Consequently, Coke's work contributed more to the spread of common law culture than he could have imagined, let alone intended. American lawyers who invoked Coke did so without respecting the jurisdictional limits of the common law that for him made it the national law of England. Coke had contributed to the sense that the core of English law, especially the common law of property, went abroad, but he never envisioned the common law as a free-floating jurisprudence that could be invoked, anywhere, as a shield against royal administration. This jurisdictional limit was lost as his books circulated through the Atlantic world. The medieval map of courts and dominion borders that Coke sketched in Calvin's Case and the Fourth Institute was not internalized abroad; powerful statements of the liberties of Englishmen and judicial "controul" over Parliamentary statutes were. Early Americans encountered Coke's work in an environment that was close enough to his for basic comprehension and far enough away, in space, time, and political context, to facilitate creative re-interpretation. They were at once constrained by metropolitan legal institutions and discourses and able to appropriate them for advantage. Long after Coke's legal and imperial worlds passed, his literature remained. North American colonists found in it the discourse of resistance and re-constitution.

This approach to the colonial use of the English constitutional canon, which has affinities with postcolonial studies, differs from the conventional analysis of whether the colonists enjoyed English law because it raises the threshold problem of how the common law became detached from its territorial jurisdiction. It also helps connect constitutional history to the new Atlantic history, in which there has been little sustained study of imperial law, as opposed to colonial law, much of which is discussed in general terms, and English law, much of which remains opaque to non-specialists. How and in what directions, for example, did legal culture circulate throughout the early modern British Atlantic?
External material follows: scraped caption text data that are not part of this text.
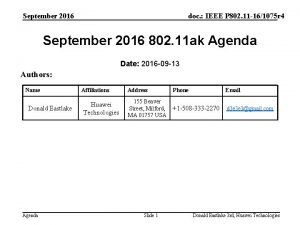 September 2016 doc IEEE P 802 11 161075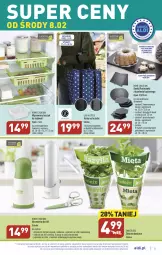 Gazetka promocyjna Aldi - COŚ w tym tygodniu - Gazetka - ważna od 11.02 do 11.02.2023 - strona 5 - produkty: Noż, Nożyczki, Zioła w doniczce, Młynek, Kosz, Pojemnik, Torba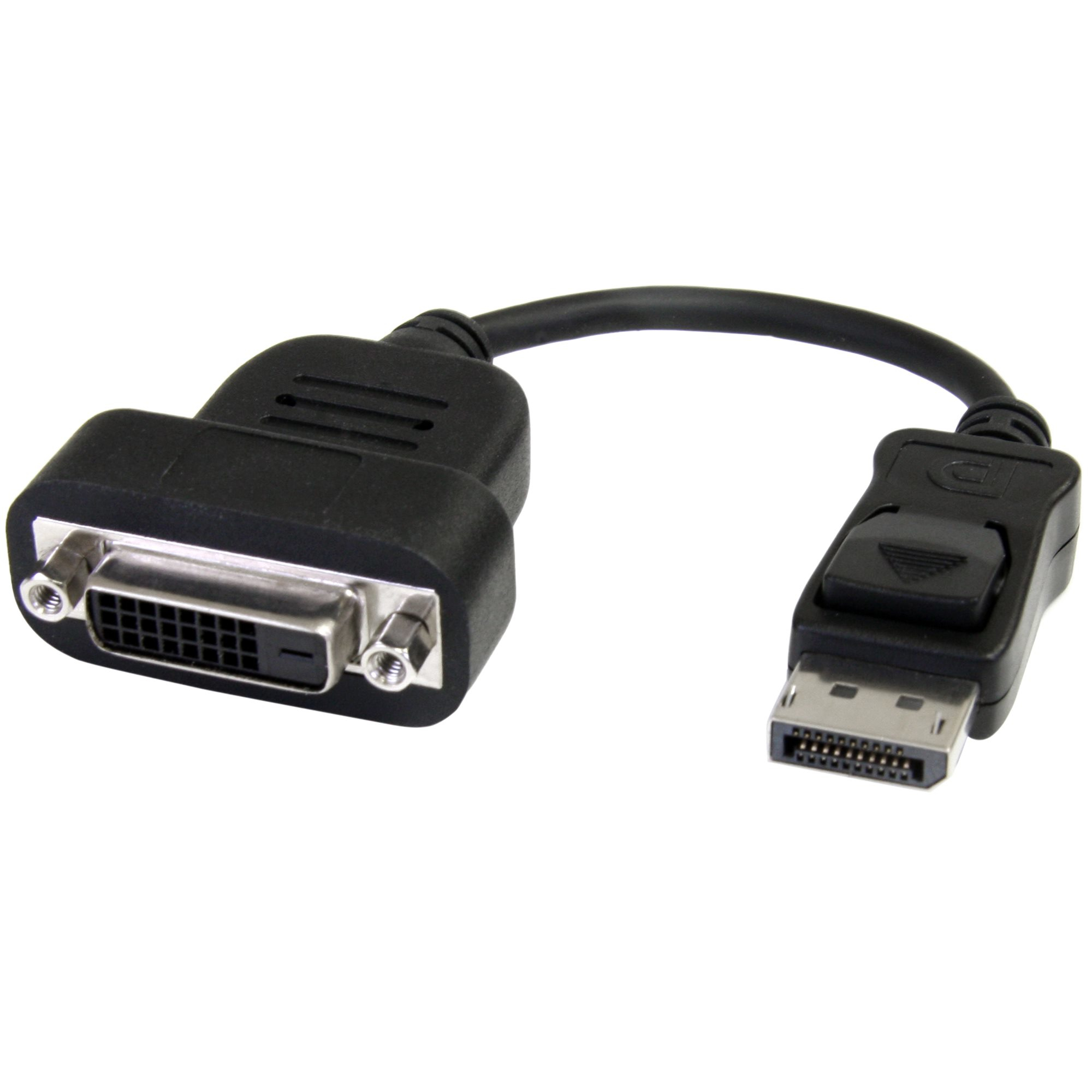 STARTECHCOM Aktiver DisplayPort auf DVID Adpater DP zu DVI Single Link Konverter SteckerBuchse 1920x1200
One might imagine, but only imagine, a study of imperial law similar to David Hancock's study of British Atlantic trade, with the practitioners of imperial dispute resolution devising new means to integrate the Empire. Law-minded “citizens of the world,” however, had less control than the merchants over their particular traffic, as the common law escaped its national jurisdiction and became a resource throughout the Empire. Substantive notions of liberty traveled well, like negotiable instruments, and became transatlantic currency that could be traded anywhere English was spoken. Coke minted most of his currency for England, but it all circulated wide and far.



In the end, there was a kind of reverse Gresham's law under which the American colonists appropriated the richest parts of the English constitutional canon for their purposes and hid away its less valuable legacies. This jurisprudence of liberty could be used many ways: imperial and integrative here, provincial and disintegrating there; liberating in one place and enslaving in another--liberating and enslaving in some places at the same time. To understand the legal culture of the Empire and its colonies, we must understand the intellectual transformation in the idea of law on which colonial resistance was premised: the shift from jurisdiction to jurisprudence, the rules in a legal system to the rule of law, English liberties to Liberty. This article has sought to locate one catalyst of that abstraction in the inchoate imperial jurisprudence of Sir Edward Coke.